The White House Council on Environmental Quality recently announced that WVU College of Law Professor Jesse Richardson has been appointed to a new task force on responsible development of carbon management technologies. He will be part of a group providing recommendations to the federal government on Carbon Capture, Utilization, and Sequestration (CCUS) projects, including carbon dioxide pipelines. Richardson and the task force will ensure that projects are permitted efficiently and with the input of a wide range of stakeholders.

 According to Richardson, CCUS projects capture carbon instead of allowing it to be released into the atmosphere, potentially cutting pollution.

 We’re trying to reduce carbon to the maximum extent possible but when we can’t, let’s make lemonade out of lemons and see what we can do to capture it and use it to minimize the environmental impact,” Richardson said.

WVU Law Students Attend Supreme Court Argument For Case They Helped Prepare

WVU Law at the supreme court

Ten WVU Law Supreme Court Clinic students got to witness something last week that many attorneys never experience over an entire legal career. These WVU Law students were on hand at the United States Supreme Court in Washington, D.C. to watch an oral argument that they assisted in preparing.

The students helped write several documents related to the case, including the petition for certiorari. Lawrence Rosenberg of the international law firm Jones Day, who co-teaches the clinic with WVU Law Professor Anne Lofaso, presented the oral argument. The case focused on the interplay between two subsections of federal criminal law dealing with firearm offenses. Lofaso sat at the counsel table with Rosenberg, and the students sat a few rows back in an area of the courtroom typically reserved only for members of the Supreme Court bar.

 “They were so pumped afterwards,” Lofaso said, “They were practically touching the justices.”

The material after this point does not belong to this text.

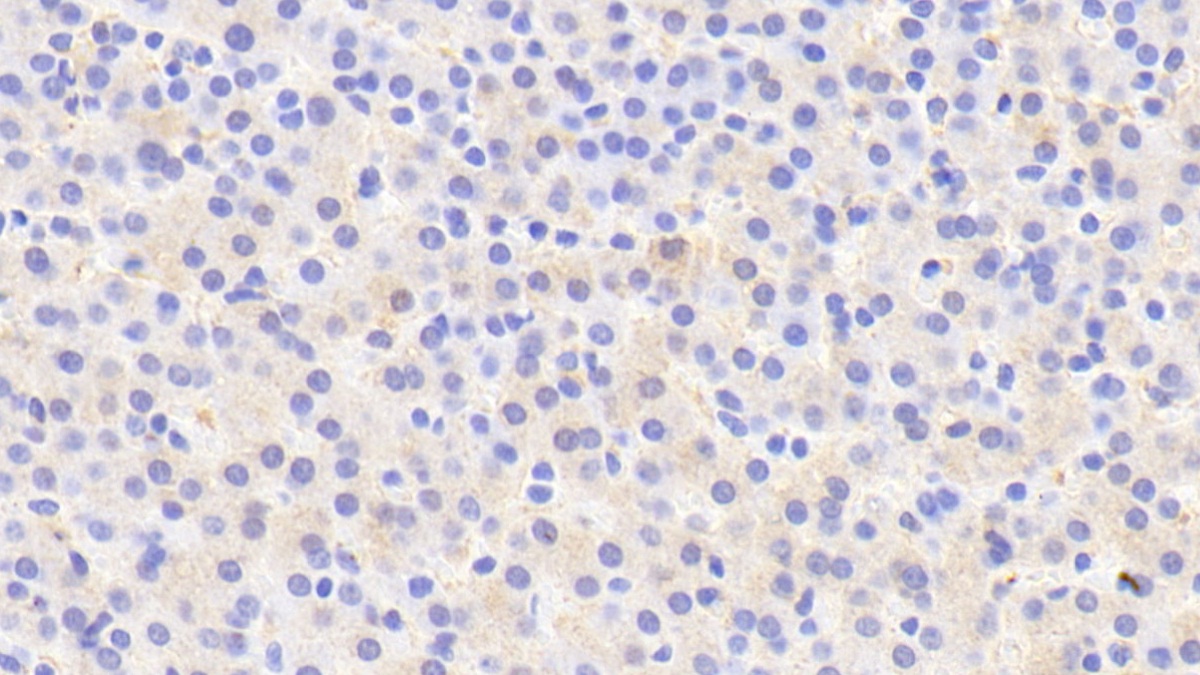 Polyclonal Antibody to Iduronate-2-Sulfatase (IDS)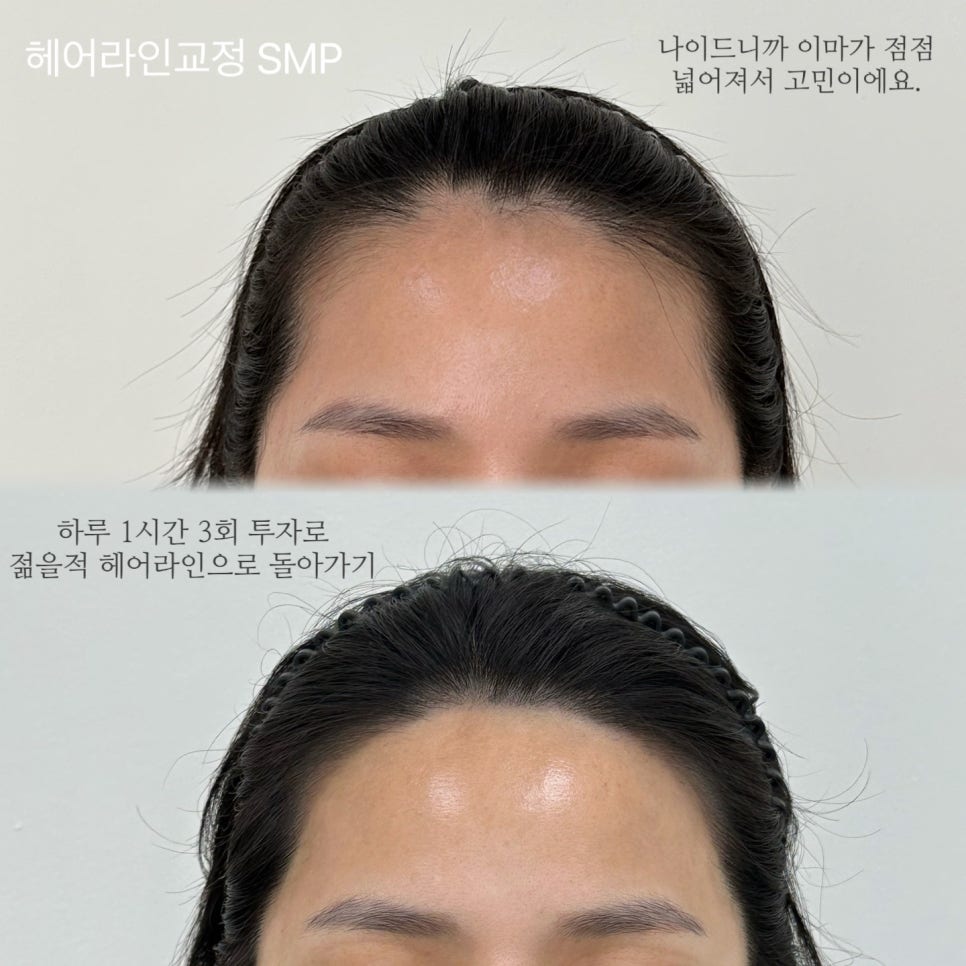 라인헤어 이미지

 Lofaso said highly motivated students enroll in the year-long clinic, which teaches advanced advocacy skills, including advanced legal research. Students learn what makes a case a good candidate for Supreme Court review.

WVU Law Students Argue in Charleston Before WV Supreme Court

Baker Cup 23

It’s not every day that law students find themselves arguing complex legal issues in front of actual Supreme Court justices, but that’s exactly where WVU College of Law 2Ls Anna Williams and Augustus Graff found themselves earlier this week.

 The Supreme Court of Appeals of West Virginia judged the West Virginia University College of Law’s Baker Cup Moot Court appellate advocacy competition in the Supreme Court Courtroom in Charleston on March 28. The Court named Williams, 23, of Bluefield, the winner and Graff, 27, of Ghent, the runner up. The Baker Cup, first awarded in 1927, has become an annual College of Law tradition.

 “This is not something that most law students would get to experience,” said Amy Cyphert, moot court adviser and lecturer in law. “It’s a unique opportunity because we’re the only law school in the state.”